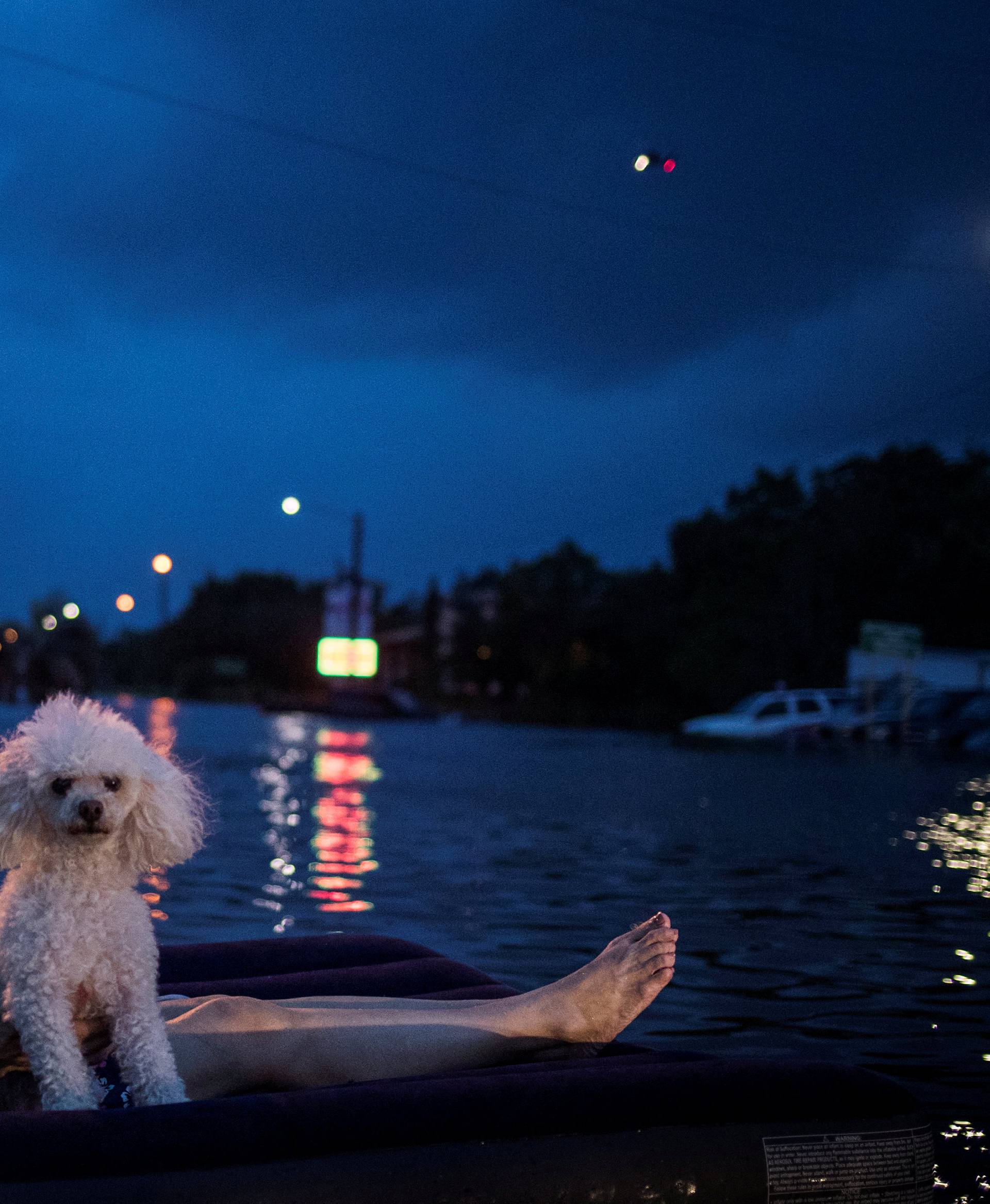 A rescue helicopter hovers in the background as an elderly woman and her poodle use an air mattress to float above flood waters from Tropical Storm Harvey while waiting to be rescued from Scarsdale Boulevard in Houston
...
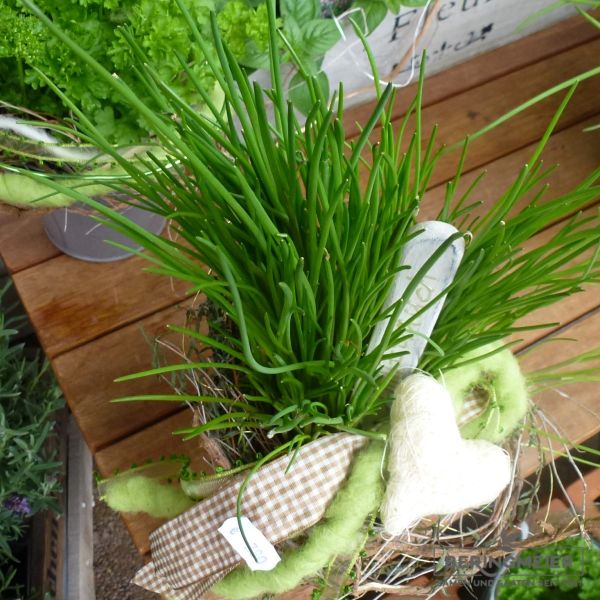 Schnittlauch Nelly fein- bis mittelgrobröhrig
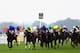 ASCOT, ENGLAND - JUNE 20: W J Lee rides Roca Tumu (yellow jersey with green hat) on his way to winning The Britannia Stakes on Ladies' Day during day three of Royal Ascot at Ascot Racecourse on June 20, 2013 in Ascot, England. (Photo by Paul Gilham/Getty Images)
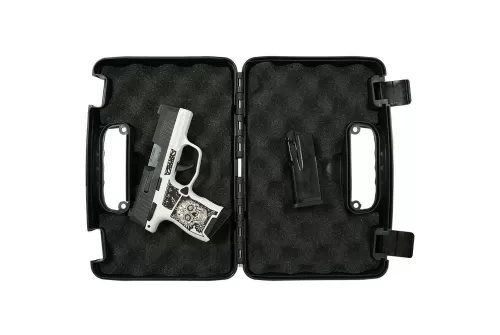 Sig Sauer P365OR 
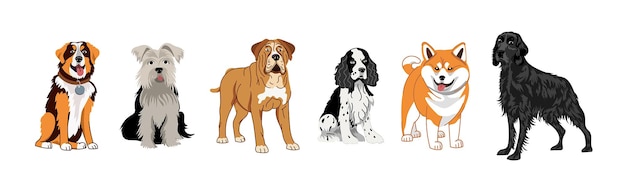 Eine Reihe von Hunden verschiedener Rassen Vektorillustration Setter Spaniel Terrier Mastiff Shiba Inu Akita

> _WHAT THIS TASK INVOLVES_
Copy nothing but the lines above that run from the one with "Sig Sauer P365OR" to the one with "Eine Reihe von", ends included; pictures stay out.

> _ANSWER BOX_
 Sig Sauer P365OR 
 Eine Reihe von Hunden verschiedener Rassen Vektorillustration Setter Spaniel Terrier Mastiff Shiba Inu Akita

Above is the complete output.